Martin also recalled the difficulty, pointing out that MECO delivers a suite of popular programs that has grown consistently over two decades. “Meanwhile the University has been moving us from one jerry-rigged joint to the next jerry-rigged joint with all sorts of consequences, but never really catching up to our continual expansion.”

When she arrived, labs were spread between the Transient, Holme, Education and Brennan MacCallum buildings. Significant planning was undertaken to overcome the haphazard nature of the production unit labs, and new purpose-designed teaching spaces were built in Brennan MacCallum. However, there was one flaw: no lifts were available to enable heavy equipment to be installed in the labs. Instead, DMU staff had to use the stairs to install the equipment whenever the studios were in use.

The Brennan MacCallum Building had other problems. Martin said the air-conditioning in the MECO LS120 lab never worked properly, creating a sense of suffocation that required teachers to leave the door open. This set off the alarm, which was eventually deactivated. The area was also subject to flooded corridors and subsequent evacuations.

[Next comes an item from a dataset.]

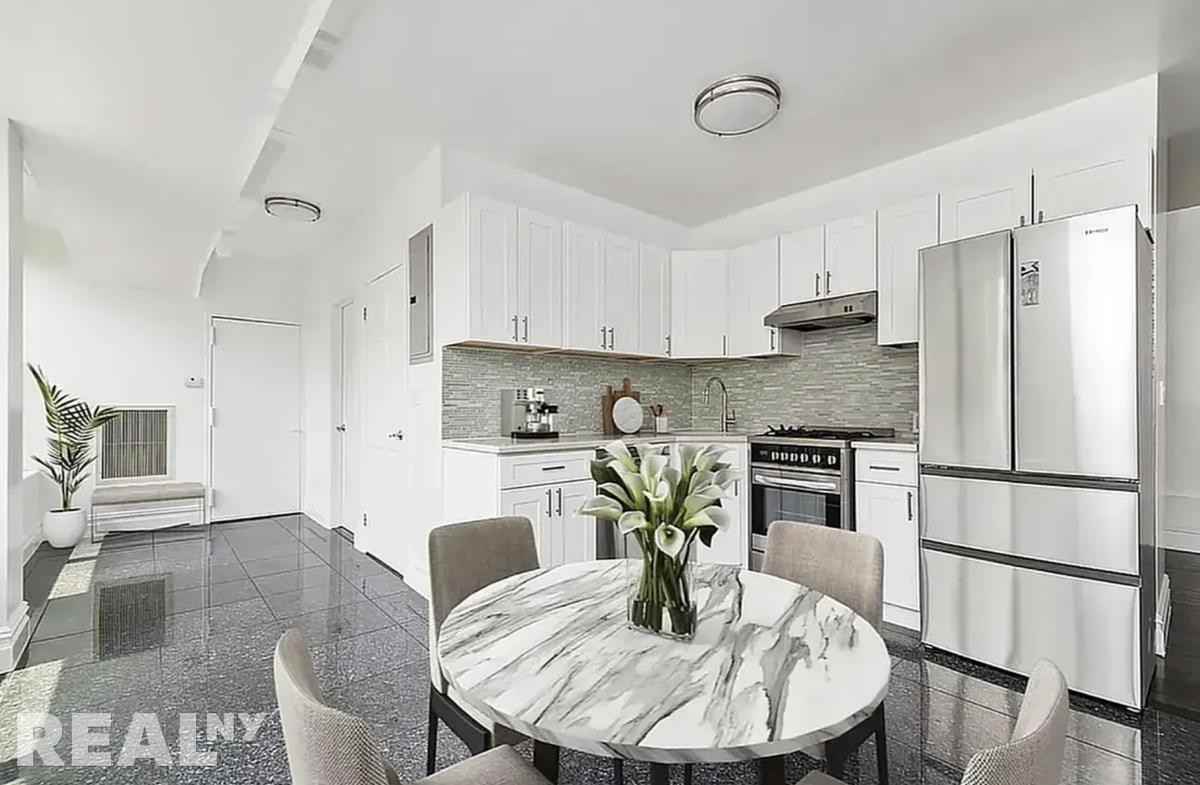 Delancey St #2ES - Photo 3 of 6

From the beginning of the DMU, Glen has led the charge to create a media precinct in the Education Building, with a new radio lab, Mac computer labs, and eventually a VR lab and a 4K video lab.

Martin said the University has been grappling with its 170-year-old history that gifted it with heritage buildings, built during times when disability access and climate change were not considered. Part of the University’s response needs to be new buildings and facilities that can adapt to its future needs.

Looking to the future of MECO, student numbers are expected to keep growing, and with them the need for more staff and specialised space that can facilitate teaching in a rapidly changing media environment – not least marked by the pressure social media has placed on how we traditionally consume media. The challenge becomes figuring out how to teach with these pressures in buildings that were constructed during a different time and need significant renovation work to bring them in line with MECO’s needs.

I learned that informal discussions began in 2019, with staff talking about what the bricks and mortar would need to look like to accommodate preparing graduates for the changing needs of the media industry, as well as the more mundane dilemma of where to house everyone now and in the future.

Ideas floated so far include the refurbishment of buildings familiar to MECO: John Woolley, Brennan MacCallum and the Education Building. This option, however, does not give the department the permanent home it requires, given the buildings’ physical constraints. A second idea has been to commission a purpose-built building that would house MECO and the School of Economics. The benefit of this option is that it would give the school a strong identity and place on campus, and provide it with a building that caters for its specific needs and facilitates the teaching of graduates in a changing media landscape.

When I asked for her view on a new building, Martin said that as it stands now, MECO needs access to at least 21 teaching labs, including specialist facilities such as television and radio studios, VR creation and research spaces. She argued that it’s time for the University to invest in a purpose-built MECO building in response to a globalising digital communications and media landscape, and a new home that reflects the department’s economic contribution to the faculty.

Martin goes further, teasing out the idea that a new building is also an opportunity to reshape the school around what Terry Flew has described as the making of culture and cultural production.

The COVID-19 pandemic cooled these discussions, as the tertiary sector faced difficult times with fears of a drop in international student numbers and the looming prospect of tighter budgets. For now, 20 years on, the expanding discipline is still couch surfing.